Then in 2015, we saw demonstrations of Windows Storage Spaces at Microsoft Ignite 2015 using one Mellanox 100Gb Ethernet link and Micron’s NVMe flash cards to achieve over 90 Gb/s (~11.1 GB/s) of actual throughput with just one millisecond latency. This was the first time I’d seen any single server really use 100 Gb Ethernet, let alone a Windows Server. It also proved that using SMB Direct with RDMA was a major advantage, with approximately twice the throughput, half the latency, and half the CPU utilization of using the regular SMB 3 protocol over TCP/IP.


Figure 5: One Windows Server delivers over 90 Gb/s of throughput using a single 100GbE link with RoCE. Performance without RoCE was halved.

Hyper-Race to Hyper-converged Windows Storage


In 2016, the race began to demonstrate ever faster performance using Windows Storage Spaces Direct (S2D) in a hyper-converged setup with NVMe flash storage and 100Gb RoCE. First Mellanox, Dell and HGST (a Western Digital brand) built a two-server cluster with Dell R730XD machines, each with two HGST UltraStar SN150 NVMe SSDs and two Mellanox ConnectX-4 100GbE NICs. A Mellanox Spectrum switch connected the machines and the cluster delivered 178Gb/s (22.3 GB/s). Then, at Flash Memory Summit and Intel Developer Forum, Microsoft, Dell, Samsung and Mellanox showed 640 Gb/s (80GB/s) using four Dell R730XD server with 4 Samsung NVMe SSDs and 2 Mellanox’s ConnectX-4 100GbE NIC, all connected by Mellanox’s Spectrum switch and LinkX® cables.


These demos were getting faster ever few months and showing the power and flexibility of a hyper-converged deployment on Windows Server 2016.


Figure 6: Microsoft recommends RDMA when deploying Windows Storage Spaces Direct as a hyper-converged infrastructure.

Breaking the One Terabit Per Second Barrier


Now, at Microsoft Ignite 2016, comes the latest demonstration of Windows S2D with an amazing milestone. A 12-node cluster using HPE DL380 servers with Micron 9100 Max NVMe SSDs and Mellanox ConnectX-4 100GbE NICs delivers over 1.2 Terabits per second (>160 GB/s).  Connectivity was through a Mellanox Spectrum 100 GbE switch and LinkX cables. More impressively, the cluster hosted 336 virtual machines and only 25 percent of the CPU power was consumed, leaving 75 percent of the CPU capacity for running additional applications.
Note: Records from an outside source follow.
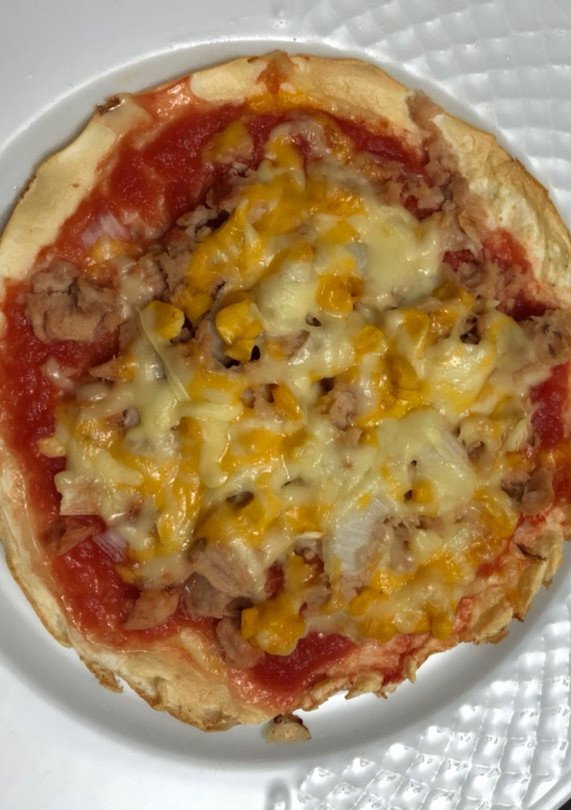 Una foto de Pizza nube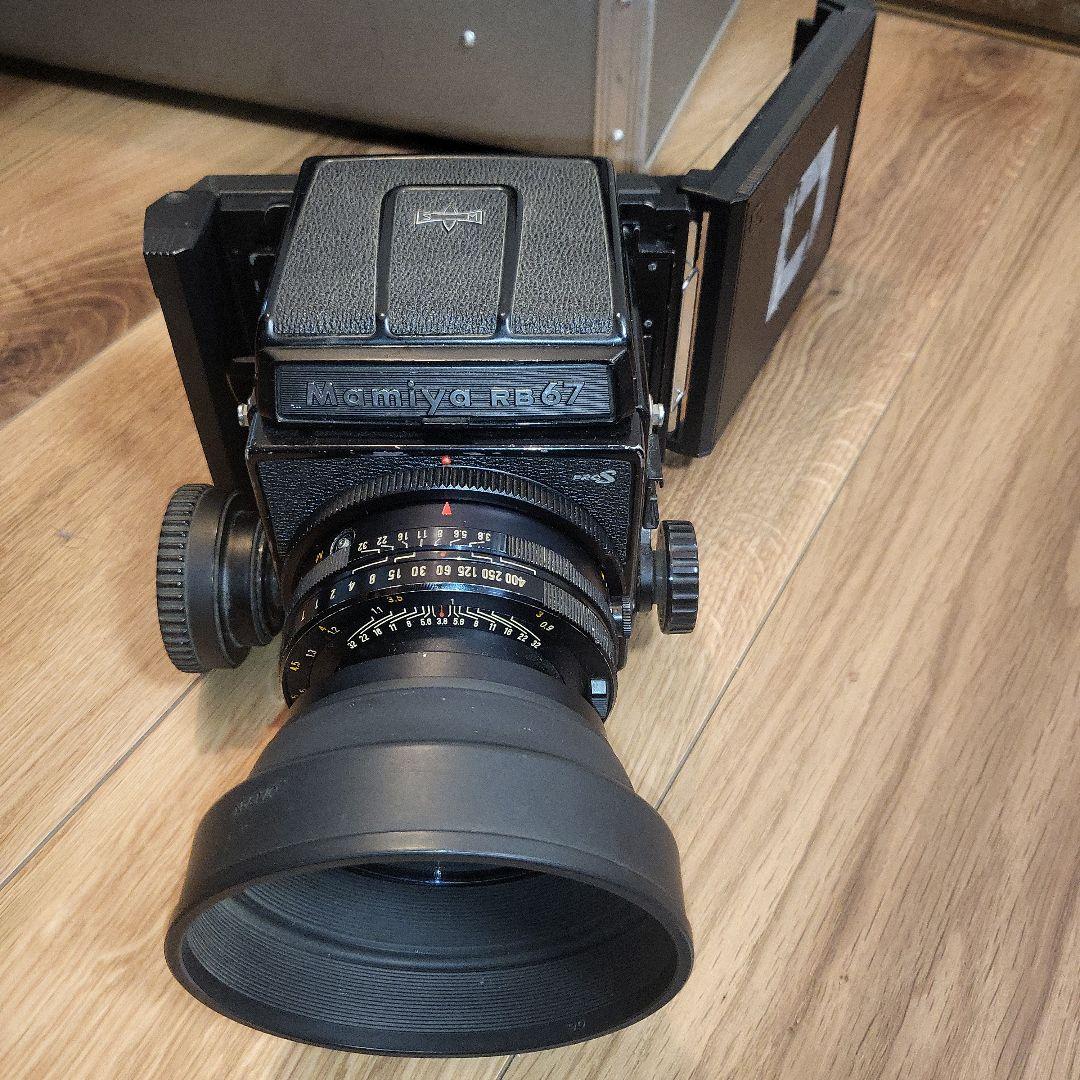 Mamiya RB67 Pro S + Sekor 90mmレンズ　フォトラマ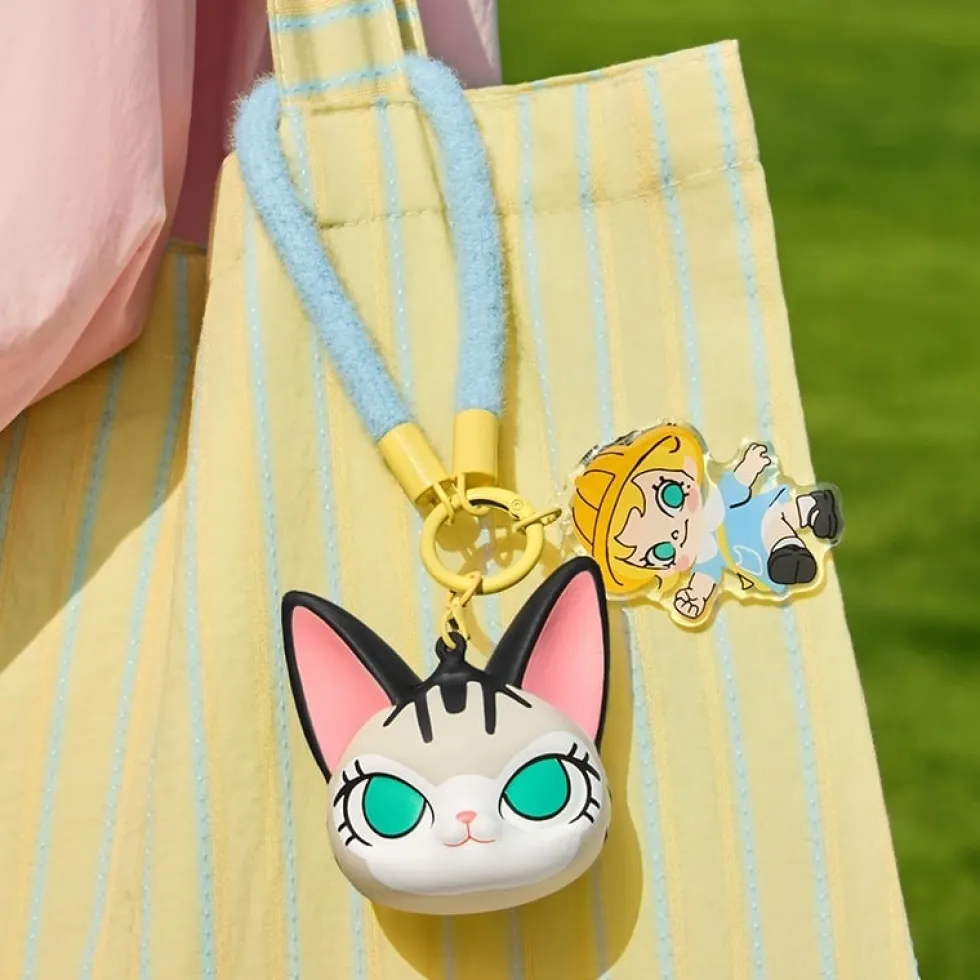 POP MART THE MONSTERS Baby Molly & Baby Tabby Series-Pinch Pendant Blind Box 1PC/6ST Blindbox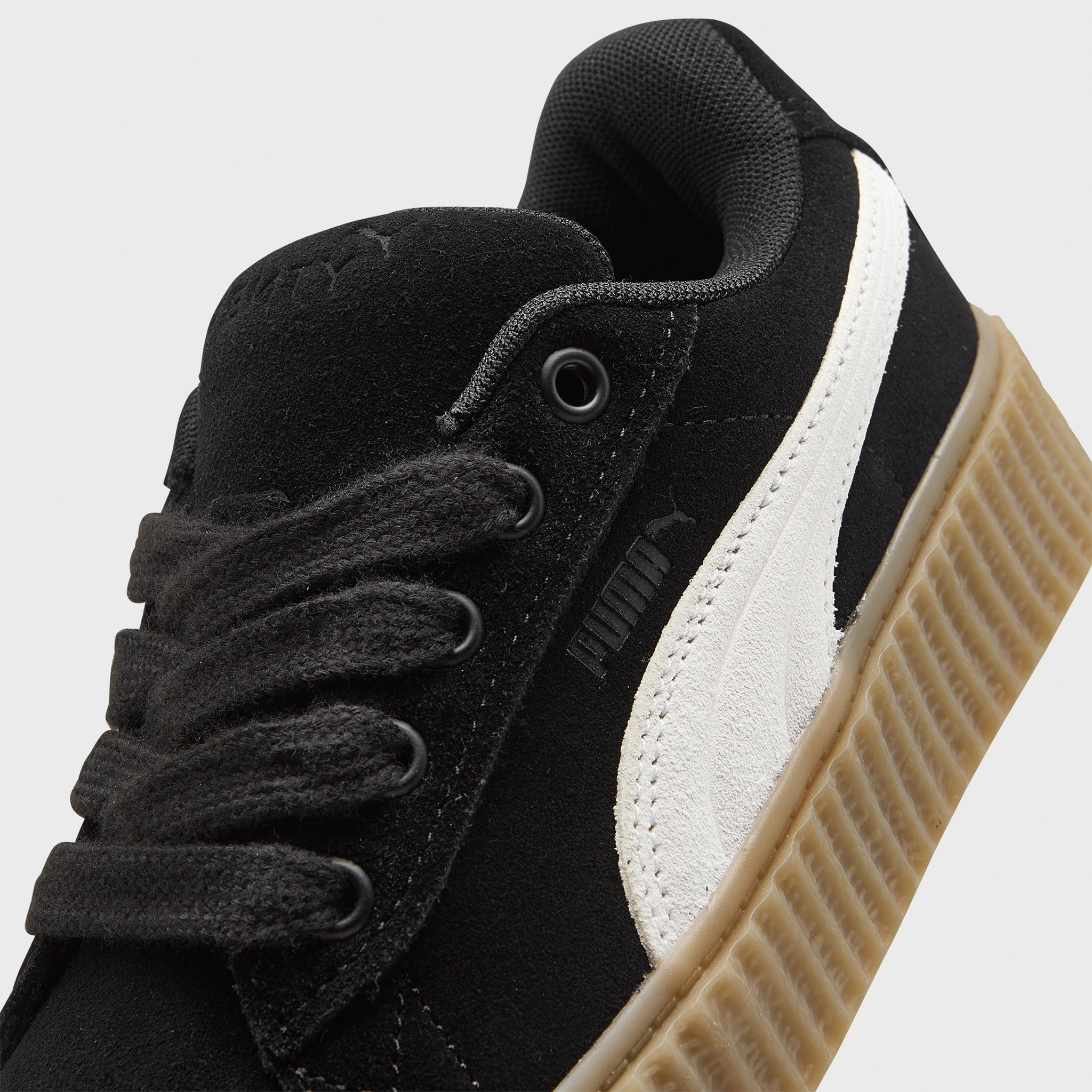 FENTY x Puma Children's Creeper Phatty Puma Black / Warm White - Gum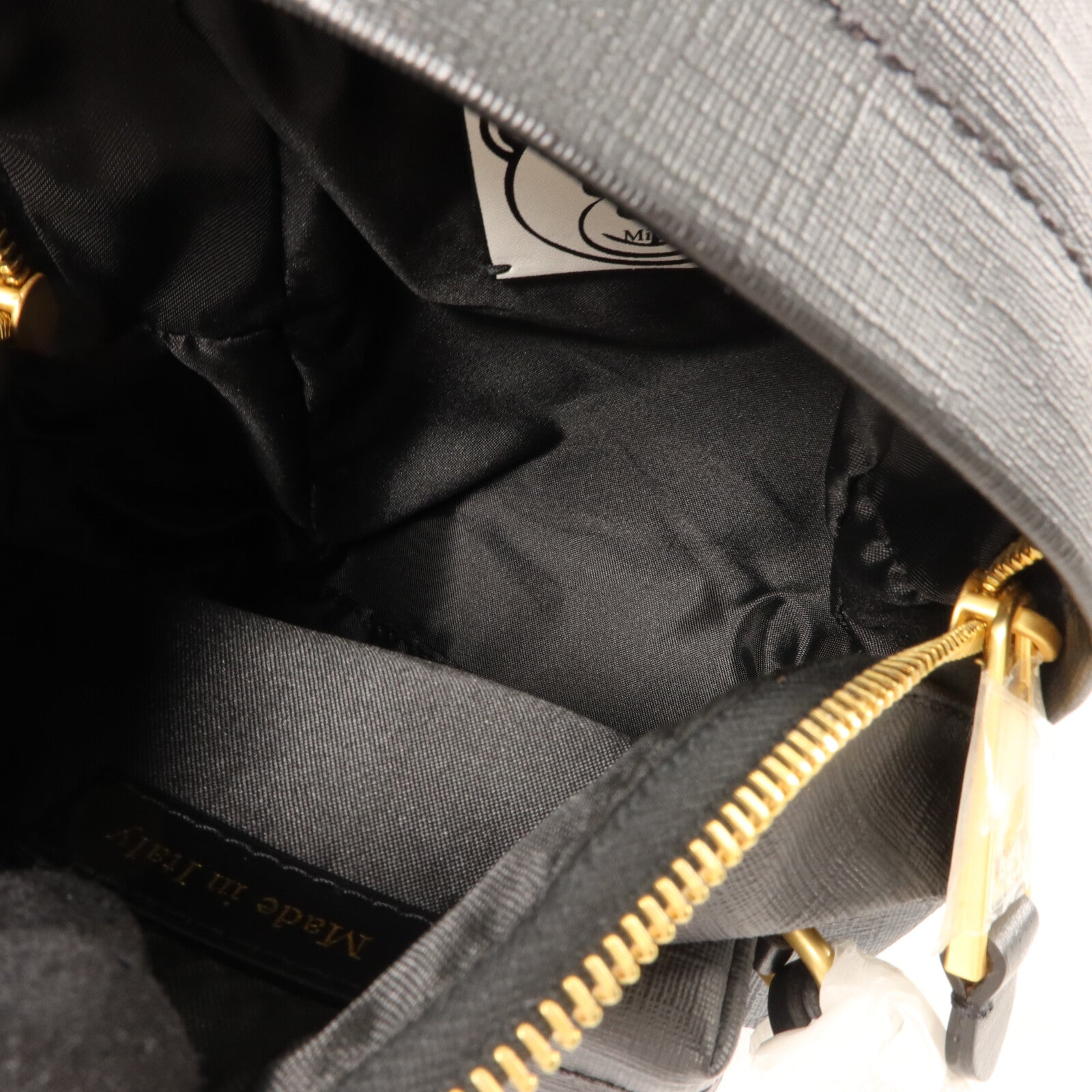 MOSCHINO 塗層帆布Backpack背包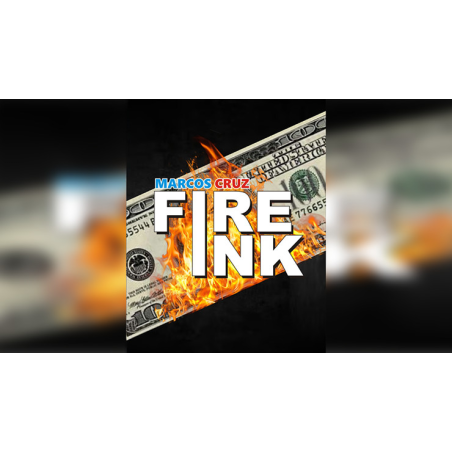 FIRE INK U.S. by Marcos Cruz - Trick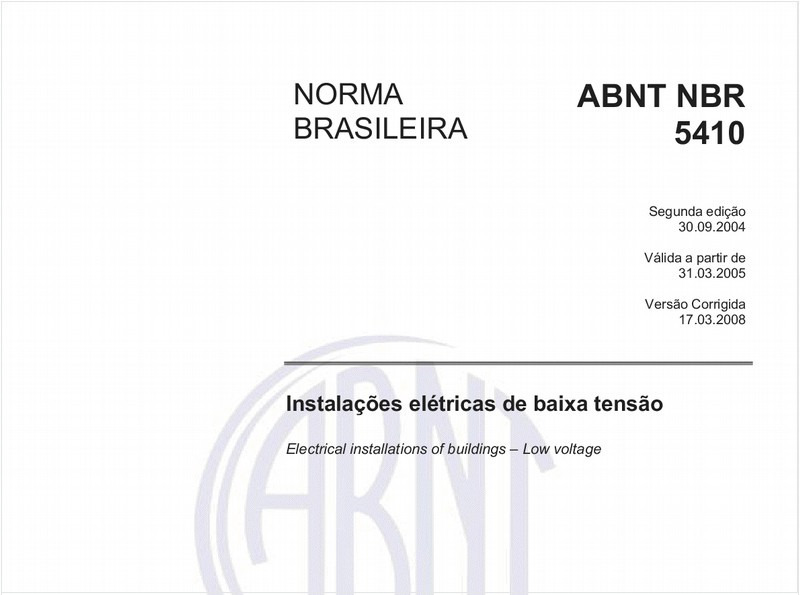 Instalações elétricas de baixa tensão - Versão comentada, com mais de 229 páginas adicionais de comentários elaborados pelo engenheiro João Cunha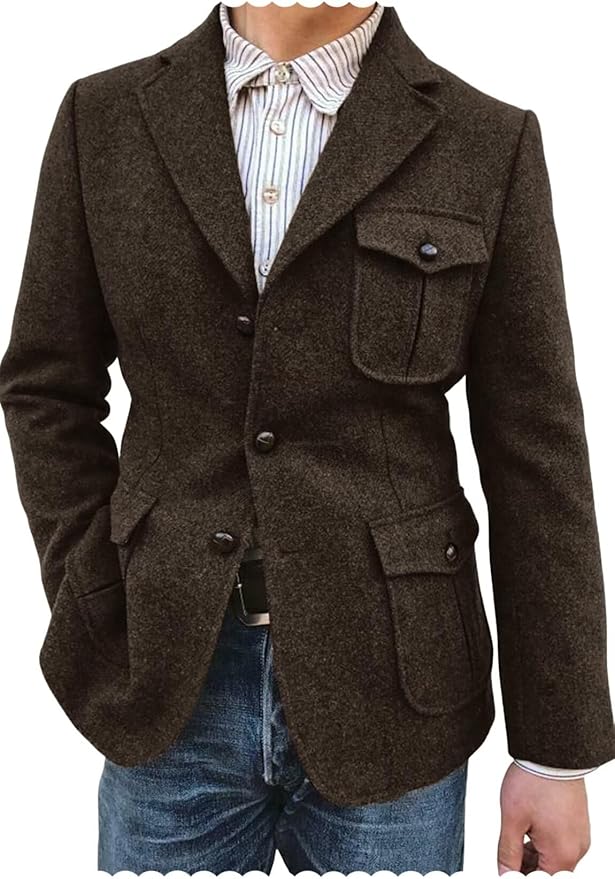 ジャケット・アウター WAREHOUSE 2143 USN HERRINGBONE JACKET 38 Warehouse USN Herringbone Utility Jacket – Lieutenant & Co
Which is important because the whole purpose of hyper-converged infrastructure is to run applications.


This HPE server is the latest version of their ever popular DL380 series, the world’s best-selling server (per IDC’s Server Tracker for Q1 2016). It supports up to 3TB of DDR4 memory, up to 6 NVMe SSDs, 25/40/50/100GbE adapters from Mellanox, and of course Microsoft Windows Server 2016, which was used for this demo.


Figure 7: HPE, Mellanox and Micron exceed 1.2 Terabit/second using twelve HPE DL380 Gen 9 servers, 48 Micron NVMe SSDs, with Mellanox 100GbE NICs, switch, and cables.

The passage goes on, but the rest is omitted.